According to a Reuters report,
Austria signed up to build part of Russia's South Stream gas pipeline on Saturday, and visiting Prime Minister Vladimir Putin scorned the EU's rival Nabucco project as futile.
Politically neutral Austria has become a key battleground for the competing pipelines, both of which are expected to cross the alpine state before delivering gas to other European Union members.
The 7.9 billion euro ($10.62 billion) Nabucco pipeline is part of the EU's long-term effort to diversify its natural gas supplies and reduce dependence on Russia by bringing up to 31 billion cubic meters (bcm) of gas annually from the Caspian regioregion tonto an Austrian hub via Turkey and the Balkans.
But it has no confirmed suppliers and has been hit by numerous delays.
"Building a pipeline without supply contracts is pointless and extremely dangerous," Putin said in the Austrian capital. "Name me one contract that has been signed for Nabucco."
He was speaking after Austrian Chancellor Werner Faymann's government provided a key signature needed to launch South Stream, Russia's second post-Soviet gas pipeline project.

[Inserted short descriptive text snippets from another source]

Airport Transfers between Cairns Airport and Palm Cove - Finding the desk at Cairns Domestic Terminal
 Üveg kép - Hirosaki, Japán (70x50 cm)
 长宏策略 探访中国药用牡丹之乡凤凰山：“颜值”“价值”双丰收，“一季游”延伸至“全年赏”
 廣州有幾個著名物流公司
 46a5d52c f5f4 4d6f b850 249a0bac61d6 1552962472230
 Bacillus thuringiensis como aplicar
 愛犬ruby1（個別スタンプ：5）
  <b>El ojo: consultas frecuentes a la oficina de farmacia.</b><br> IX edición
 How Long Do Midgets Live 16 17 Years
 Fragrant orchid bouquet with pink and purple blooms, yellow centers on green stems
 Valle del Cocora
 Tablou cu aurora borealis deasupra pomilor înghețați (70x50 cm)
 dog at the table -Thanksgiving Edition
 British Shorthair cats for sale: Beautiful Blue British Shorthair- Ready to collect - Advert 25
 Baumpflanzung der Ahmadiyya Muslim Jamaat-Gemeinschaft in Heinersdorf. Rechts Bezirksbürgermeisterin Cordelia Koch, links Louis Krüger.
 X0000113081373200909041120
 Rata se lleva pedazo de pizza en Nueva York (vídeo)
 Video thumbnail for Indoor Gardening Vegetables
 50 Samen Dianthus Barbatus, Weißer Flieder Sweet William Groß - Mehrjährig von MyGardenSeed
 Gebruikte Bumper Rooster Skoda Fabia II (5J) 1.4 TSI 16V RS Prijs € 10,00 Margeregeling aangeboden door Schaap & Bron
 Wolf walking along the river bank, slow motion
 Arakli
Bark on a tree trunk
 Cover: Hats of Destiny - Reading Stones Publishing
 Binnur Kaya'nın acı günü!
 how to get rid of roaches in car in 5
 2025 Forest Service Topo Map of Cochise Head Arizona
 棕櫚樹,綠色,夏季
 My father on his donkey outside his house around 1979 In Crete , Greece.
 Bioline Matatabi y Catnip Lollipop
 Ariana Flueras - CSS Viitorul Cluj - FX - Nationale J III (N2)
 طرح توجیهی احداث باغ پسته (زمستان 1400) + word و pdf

It will run under the Black Sea to the Balkans, with one of its branches passing through Austrian oil and gas company OMV's hub in Baumgarten, also Nabucco's final destination.
Putin stressed that Russia's abundant natural gas reserves allowed it to ensure South Stream's viability.
"We can guarantee Russia's growing demand and that of essentially all our clients in Europe for the next 100 years," the prime minister said.
He said South Stream would allow Austria to increase Russian gas imports by 2 bcm per year.
South Stream is expected to go online in 2015, one year after Nabucco currently plans to start operations.